**Provided data:**
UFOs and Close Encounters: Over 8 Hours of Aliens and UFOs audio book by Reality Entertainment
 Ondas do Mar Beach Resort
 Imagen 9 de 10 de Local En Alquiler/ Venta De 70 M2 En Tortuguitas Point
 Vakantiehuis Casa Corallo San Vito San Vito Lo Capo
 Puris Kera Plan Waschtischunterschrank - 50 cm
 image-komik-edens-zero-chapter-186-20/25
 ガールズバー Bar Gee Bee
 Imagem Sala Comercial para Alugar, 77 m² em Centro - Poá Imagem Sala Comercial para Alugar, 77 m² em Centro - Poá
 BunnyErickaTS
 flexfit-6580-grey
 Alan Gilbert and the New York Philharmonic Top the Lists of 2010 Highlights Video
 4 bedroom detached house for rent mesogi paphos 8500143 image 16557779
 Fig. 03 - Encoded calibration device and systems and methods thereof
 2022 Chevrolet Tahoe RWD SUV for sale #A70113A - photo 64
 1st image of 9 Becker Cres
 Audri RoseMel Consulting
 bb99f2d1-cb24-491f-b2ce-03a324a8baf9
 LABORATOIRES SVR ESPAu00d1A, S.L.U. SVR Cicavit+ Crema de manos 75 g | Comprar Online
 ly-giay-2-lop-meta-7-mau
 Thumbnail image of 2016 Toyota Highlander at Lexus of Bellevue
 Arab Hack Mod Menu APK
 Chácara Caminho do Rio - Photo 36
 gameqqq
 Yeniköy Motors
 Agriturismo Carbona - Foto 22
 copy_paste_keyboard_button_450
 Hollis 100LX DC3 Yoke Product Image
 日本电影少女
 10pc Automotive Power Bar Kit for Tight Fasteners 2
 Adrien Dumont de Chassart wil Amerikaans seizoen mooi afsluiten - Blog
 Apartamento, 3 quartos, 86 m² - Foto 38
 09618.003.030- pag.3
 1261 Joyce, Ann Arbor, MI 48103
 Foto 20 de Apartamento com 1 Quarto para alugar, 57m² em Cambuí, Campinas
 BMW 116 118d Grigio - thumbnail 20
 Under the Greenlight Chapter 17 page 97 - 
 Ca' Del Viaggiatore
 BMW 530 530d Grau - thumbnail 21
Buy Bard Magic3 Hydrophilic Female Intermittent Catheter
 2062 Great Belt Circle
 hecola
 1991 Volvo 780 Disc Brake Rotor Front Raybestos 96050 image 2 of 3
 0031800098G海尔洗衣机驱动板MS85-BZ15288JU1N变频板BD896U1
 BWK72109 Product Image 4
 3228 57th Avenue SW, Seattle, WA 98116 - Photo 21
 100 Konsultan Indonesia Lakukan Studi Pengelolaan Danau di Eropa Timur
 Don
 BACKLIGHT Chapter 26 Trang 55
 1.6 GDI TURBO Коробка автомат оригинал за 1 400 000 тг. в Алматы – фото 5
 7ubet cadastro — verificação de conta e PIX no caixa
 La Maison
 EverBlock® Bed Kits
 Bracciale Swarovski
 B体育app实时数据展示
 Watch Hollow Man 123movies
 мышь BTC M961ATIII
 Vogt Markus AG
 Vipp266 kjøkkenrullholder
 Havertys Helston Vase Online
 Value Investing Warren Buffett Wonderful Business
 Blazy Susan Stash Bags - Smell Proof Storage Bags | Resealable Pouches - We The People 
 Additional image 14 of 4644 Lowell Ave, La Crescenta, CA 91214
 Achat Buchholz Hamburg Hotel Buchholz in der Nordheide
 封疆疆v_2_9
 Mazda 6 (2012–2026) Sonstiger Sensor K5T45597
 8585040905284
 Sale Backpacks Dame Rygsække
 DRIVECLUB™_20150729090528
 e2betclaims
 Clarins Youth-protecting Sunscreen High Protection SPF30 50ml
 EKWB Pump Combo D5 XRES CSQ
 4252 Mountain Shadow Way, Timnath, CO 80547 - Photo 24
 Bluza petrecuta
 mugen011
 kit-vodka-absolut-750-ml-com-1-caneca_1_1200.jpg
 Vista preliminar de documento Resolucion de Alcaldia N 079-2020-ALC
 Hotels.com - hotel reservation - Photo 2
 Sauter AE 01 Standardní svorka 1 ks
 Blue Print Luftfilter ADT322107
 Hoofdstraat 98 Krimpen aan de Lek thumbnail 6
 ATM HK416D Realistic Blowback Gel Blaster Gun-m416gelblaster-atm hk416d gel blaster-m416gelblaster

**Requirement:** Your task is to transcribe, with no changes, only the lines of the listing above that lie between the line holding "3228 57th Avenue" and the line holding "Value Investing Warren", inclusive.

**Result:**
 3228 57th Avenue SW, Seattle, WA 98116 - Photo 21
 100 Konsultan Indonesia Lakukan Studi Pengelolaan Danau di Eropa Timur
 Don
 BACKLIGHT Chapter 26 Trang 55
 1.6 GDI TURBO Коробка автомат оригинал за 1 400 000 тг. в Алматы – фото 5
 7ubet cadastro — verificação de conta e PIX no caixa
 La Maison
 EverBlock® Bed Kits
 Bracciale Swarovski
 B体育app实时数据展示
 Watch Hollow Man 123movies
 мышь BTC M961ATIII
 Vogt Markus AG
 Vipp266 kjøkkenrullholder
 Havertys Helston Vase Online
 Value Investing Warren Buffett Wonderful Business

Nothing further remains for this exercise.